• Your instructions: Your copy of the lines below must match them exactly and contain no images.

• Raw data:
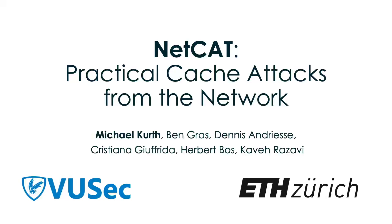Hi everybody, my name is Michael and we are here to present you NETCAT, the first network-based cache attack on the last level cache of a remote machine.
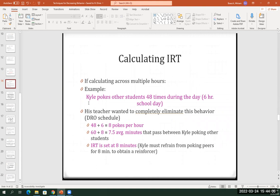For instance, in this example for Kyle, you have a student who is poking other students across a six-hour school day. As you're observing across these six hours, you document 48 times that the poking behavior was observed. And if you want to determine how much time expires from one poking behavior to the next poking behavior —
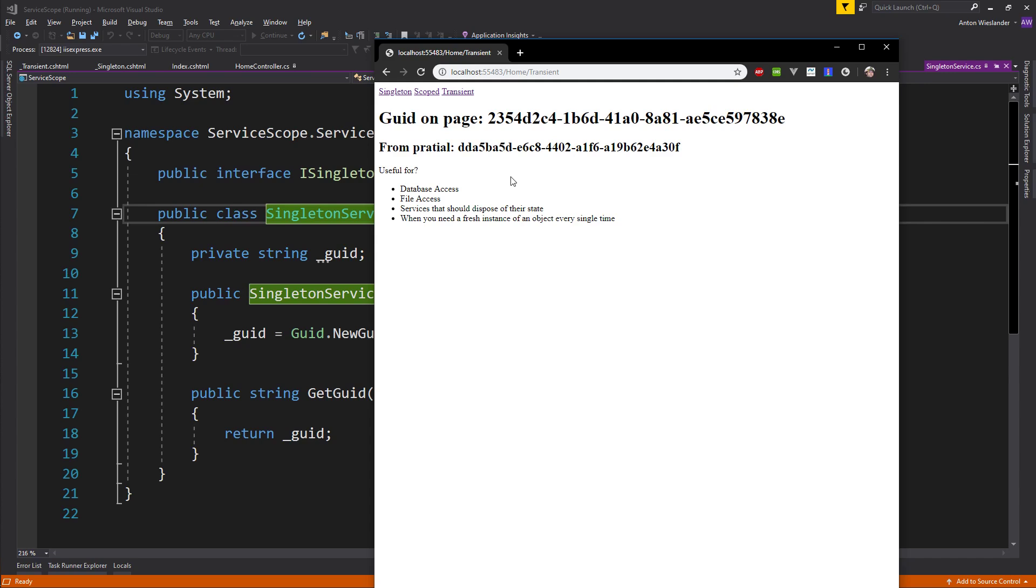File access, again you have a connection to a file, you have this stream, you have all this memory accumulating. You want to create that bubble and you want to throw it away at the end of it. Services that should be disposed of their state—this is really the underlying principle of the transient service. You have some connection that you just want to make sure you get rid of. Remember that these services, .NET Core takes care of disposing of them.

• Written solution:
Hi everybody, my name is Michael and we are here to present you NETCAT, the first network-based cache attack on the last level cache of a remote machine.
For instance, in this example for Kyle, you have a student who is poking other students across a six-hour school day. As you're observing across these six hours, you document 48 times that the poking behavior was observed. And if you want to determine how much time expires from one poking behavior to the next poking behavior —
File access, again you have a connection to a file, you have this stream, you have all this memory accumulating. You want to create that bubble and you want to throw it away at the end of it. Services that should be disposed of their state—this is really the underlying principle of the transient service. You have some connection that you just want to make sure you get rid of. Remember that these services, .NET Core takes care of disposing of them.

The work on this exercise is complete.